Battle of the sexes: contrasting roles of testis-specific protein Y-encoded (TSPY) and TSPX in human oncogenesis

Yun-Fai Chris Lau¹, Yunmin Li¹, Tatsuo Kido¹

Affiliations

Affiliation

¹ Division of Cell and Developmental Genetics, Department of Medicine, VA Medical Center and Institute for Human Genetics, University of California, San Francisco, CA 94121, USA.

PMID: 29974883
PMCID: PMC6498724
DOI: 10.4103/aja.aja_43_18

Review

Battle of the sexes: contrasting roles of testis-specific protein Y-encoded (TSPY) and TSPX in human oncogenesis

Yun-Fai Chris Lau et al. Asian J Androl. 2019 May-Jun.

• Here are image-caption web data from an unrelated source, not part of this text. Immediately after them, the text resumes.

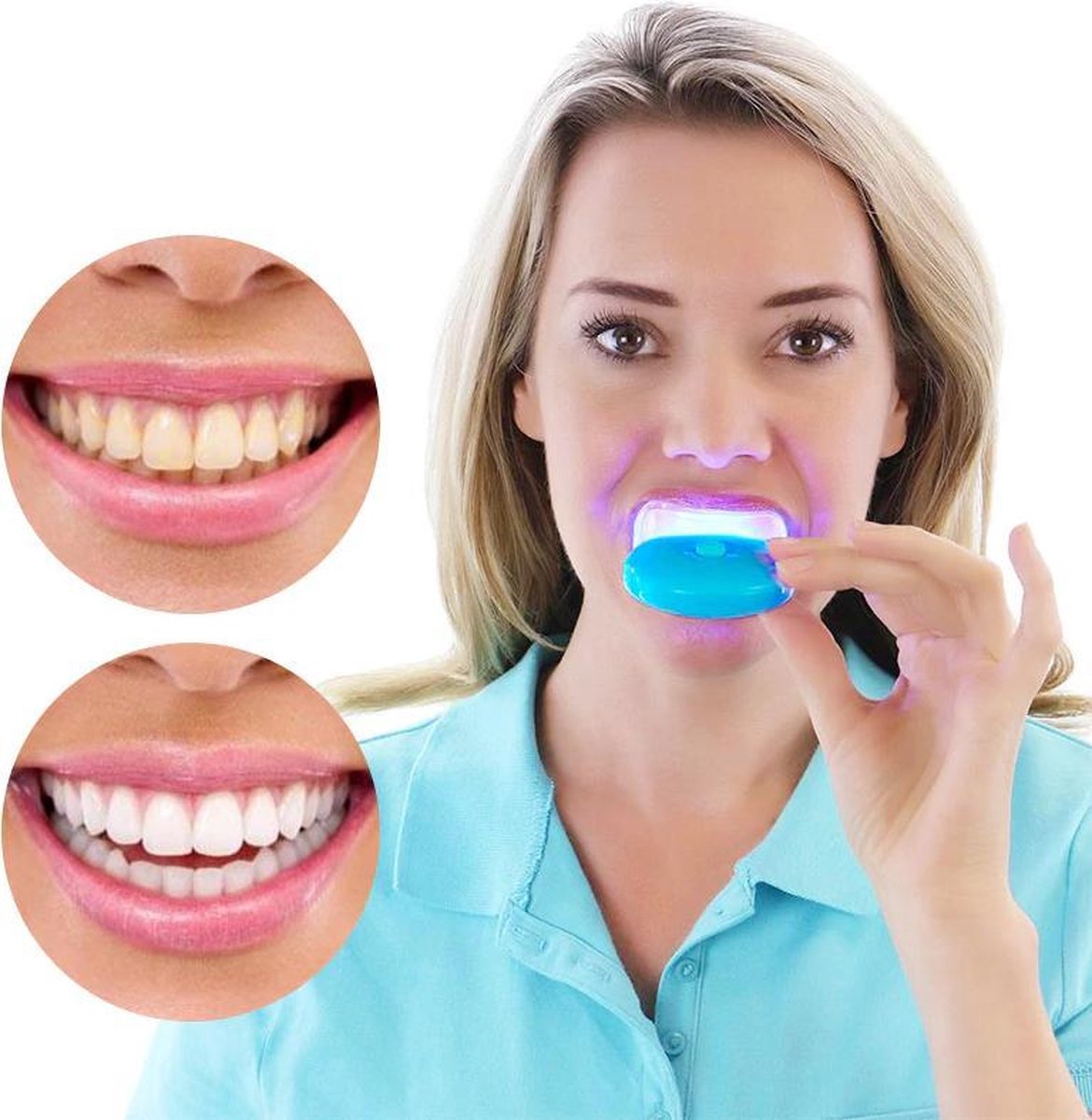 Tanden bitjes voor tanden bleken - vechtsporten - tanden knarsen (2 stuks)  | bol.com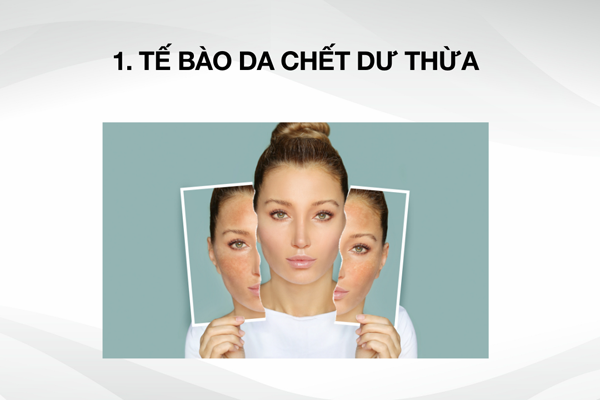 9 lý do khiến làn da của bạn ngày càng xỉn màu dù đã được che chắn kỹ càng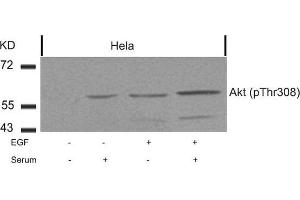 Western blot analysis of extracts from Hela cells untreated or treated with EGF, serum or both using Akt(Phospho-Thr308) Antibody. (AKT1 antibody  (pThr308))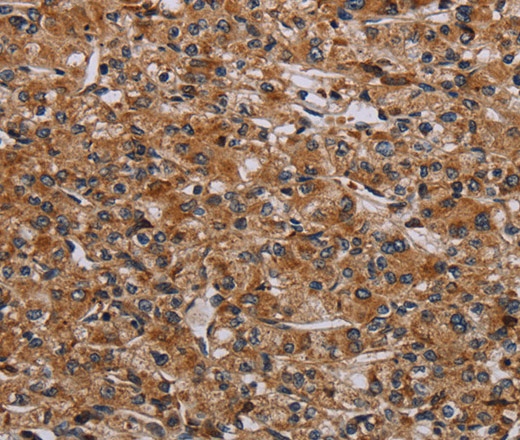 Иммуногистохимия, p70 S6 kinase beta, ткань рака предстательной железы человека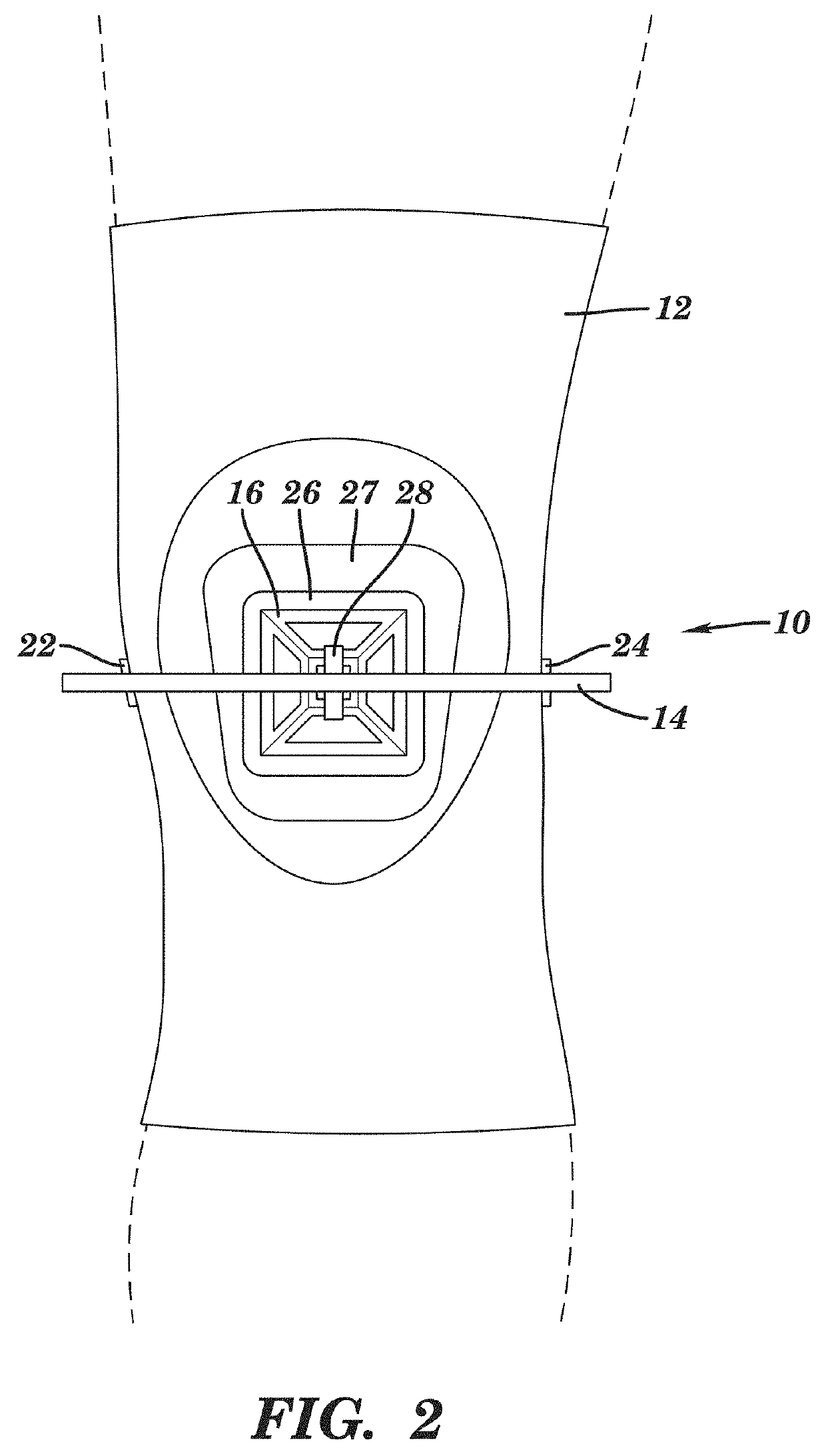 Device for managing patellofemoral pain and methods of use thereof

. 2019 May-Jun;21(3):260-269.

doi: 10.4103/aja.aja_43_18.

Authors

Yun-Fai Chris Lau¹, Yunmin Li¹, Tatsuo Kido¹

Affiliation

¹ Division of Cell and Developmental Genetics, Department of Medicine, VA Medical Center and Institute for Human Genetics, University of California, San Francisco, CA 94121, USA.

PMID: 29974883
PMCID: PMC6498724
DOI: 10.4103/aja.aja_43_18

Abstract

The Y-located testis-specific protein Y-encoded (TSPY) and its X-homologue TSPX originated from the same ancestral gene, but act as a proto-oncogene and a tumor suppressor gene, respectively. TSPY has specialized in male-specific functions, while TSPX has assumed the functions of the ancestral gene. Both TSPY and TSPX harbor a conserved SET/NAP domain, but are divergent at flanking structures. Specifically, TSPX contains a C-terminal acidic domain, absent in TSPY. They possess contrasting properties, in which TSPY and TSPX, respectively, accelerate and arrest cell proliferation, stimulate and inhibit cyclin B-CDK1 phosphorylation activities, have no effect and promote proteosomal degradation of the viral HBx oncoprotein, and exacerbate and repress androgen receptor (AR) and constitutively active AR variant, such as AR-V7, gene transactivation. The inhibitory domain has been mapped to the carboxyl acidic domain in TSPX, truncation of which results in an abbreviated TSPX exerting positive actions as TSPY. Transposition of the acidic domain to the C-terminus of TSPY results in an inhibitory protein as intact TSPX. Hence, genomic mutations/aberrant splicing events could generate TSPX proteins with truncated acidic domain and oncogenic properties as those for TSPY. Further, TSPY is upregulated by AR and AR-V7 in ligand-dependent and ligand-independent manners, respectively, suggesting the existence of a positive feedback loop between a Y-located proto-oncogene and male sex hormone/receptors, thereby amplifying the respective male oncogenic actions in human cancers and diseases. TSPX counteracts such positive feedback loop. Hence, TSPY and TSPX are homologues on the sex chromosomes that function at the two extremes of the human oncogenic spectrum.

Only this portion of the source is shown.